USE stands for Utilization, Saturation, Errors.

My method for making this useful is to have a graph for each of the four system resources: CPU, Memory, Disk and Network.

The idea is to graph the actual utilization of these resources. For instance, how much bandwidth the network is using. Or how many iops the disks are processing.

Saturation is basically the point in which utilization can’t increase, so work is queuing up. Ideally, I might inject annotations on the graph to highlight when saturation happens.

If I can’t inject annotations, then I look at the graph for plateaus of the resource.

Error rate is useful to know when resources might be degrading or failing, or doing more work due to temporary issues.

USE is great for quickly identifying bottlenecks on system resources.

And this is good for capacity planning long-term.

But the presence of bottlenecks won’t tell you the root cause.

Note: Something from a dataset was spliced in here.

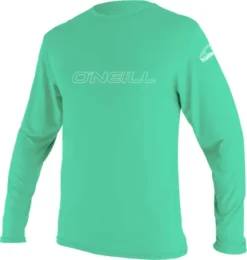 O'Neill Basic Skins Sun T-shirt Lycra Manches Longues Enfant 7 O'Neill Basic Skins Sun T-shirt Lycra Manches Longues Enfant -Dakine Boutique o neill basic skins l s sun youth rash guard vp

So you will still need to dig into the issue.

RED framework

Now, let’s take a look at RED.

RED was developed by Tom Wilkie to help describe service health.

This framework captures the signals for Rate, Errors, Duration.

It focuses on how well and efficiently an application is able to handle the workload asked of it.

In a database application, the workload is the queries.

So if you can measure how many queries per second (Rate), how many errors are being generated (Errors), and how long these requests take (Duration), you can quickly see patterns in the workload.

Spikes in Rate or Errors could be DDoS attacks, or a fresh launch of your product or a failed deployment.

Spikes in Duration that coincide with dips in rate might indicate a bottleneck on the system resources.

Tracking error rates signals how efficient your workload is.

If your application issues a query and gets an error in return, you’re doing more work on the database and potentially providing a poor user experience.

CELT framework

RED and USE can be used together to give you a full picture of your database performance.

RED provides insight how well the database is handling the workload, and USE shows how well the database is utilizing the system resources available to it (on a dedicated database server).

CELT is similar to RED, as it tries to signal how well the database is reacting to the workload.

As best as I can tell, CELT was developed by Baron Schwartz and employed in the Database Monitoring solution VividCortex (now SolarWinds DPM).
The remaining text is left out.